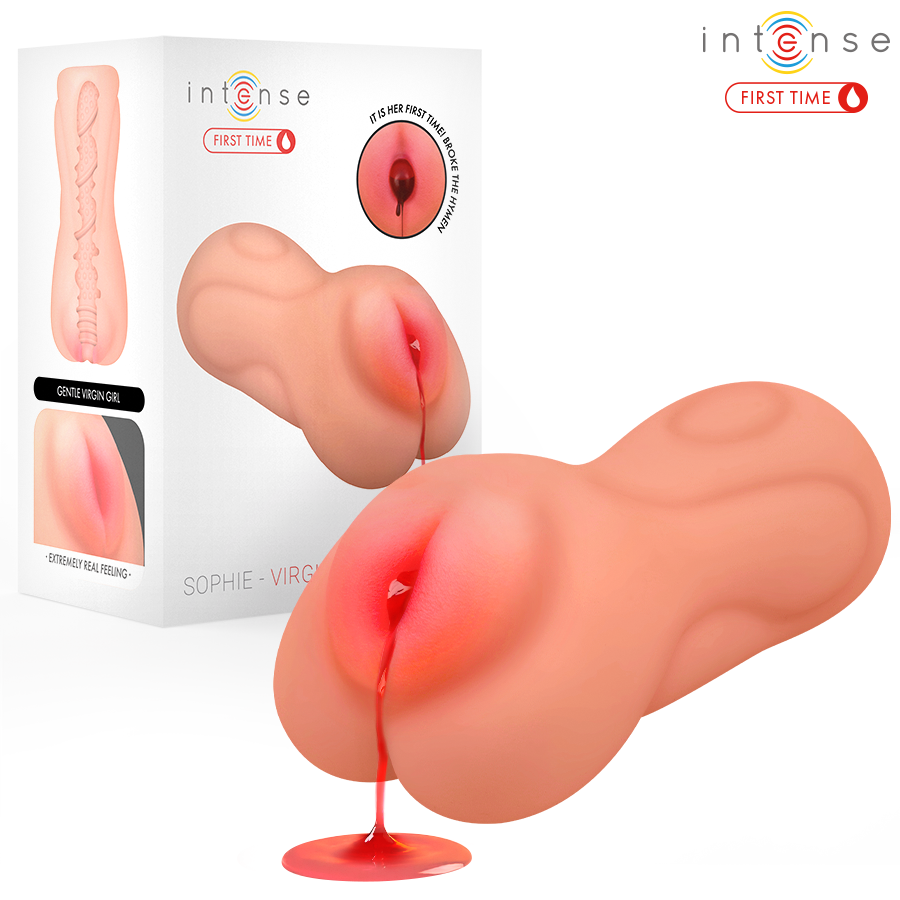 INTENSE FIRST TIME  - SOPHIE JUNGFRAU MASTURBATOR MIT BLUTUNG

:::::

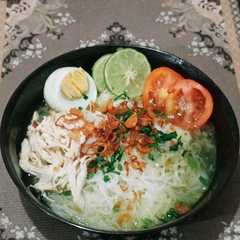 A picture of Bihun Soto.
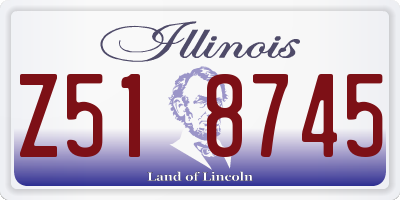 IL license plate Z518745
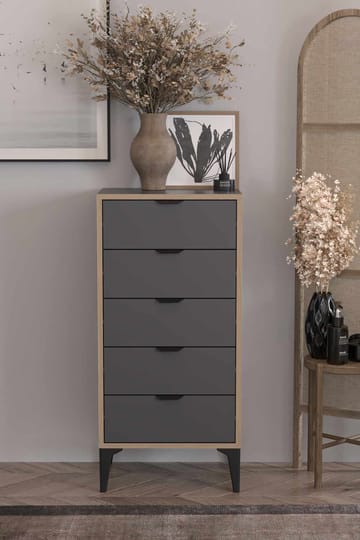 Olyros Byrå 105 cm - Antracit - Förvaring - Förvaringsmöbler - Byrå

:::::

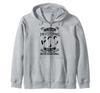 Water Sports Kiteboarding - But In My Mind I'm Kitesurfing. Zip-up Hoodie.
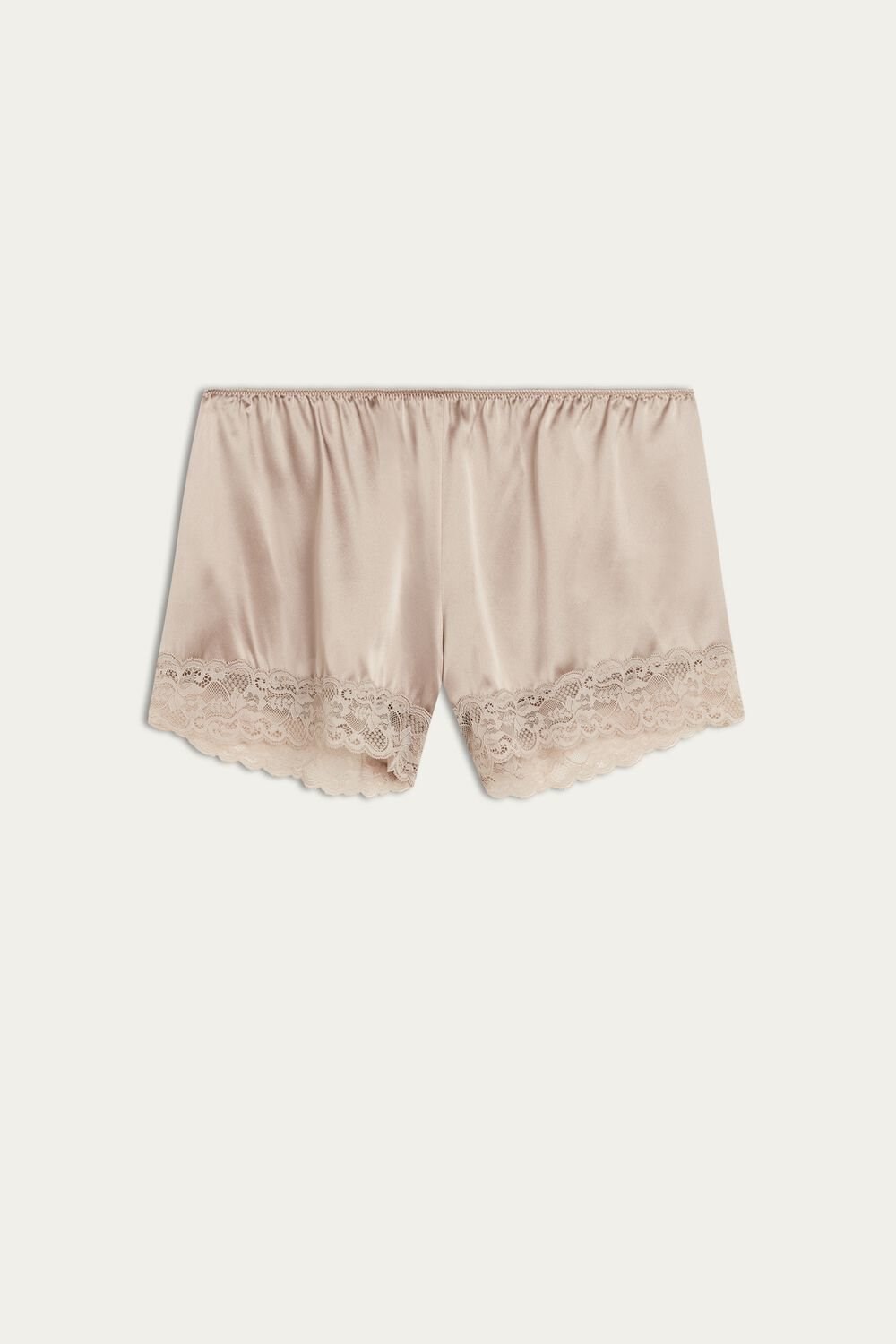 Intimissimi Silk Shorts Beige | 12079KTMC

:::::

● PROBLEM TO SOLVE
For this exercise, set down the lines in the entries above from the one with "A picture of Bihun Soto." through the one with "Olyros Byrå 105" exactly as written, without any pictures.

● SOLUTION
 A picture of Bihun Soto.
 IL license plate Z518745
 Olyros Byrå 105 cm - Antracit - Förvaring - Förvaringsmöbler - Byrå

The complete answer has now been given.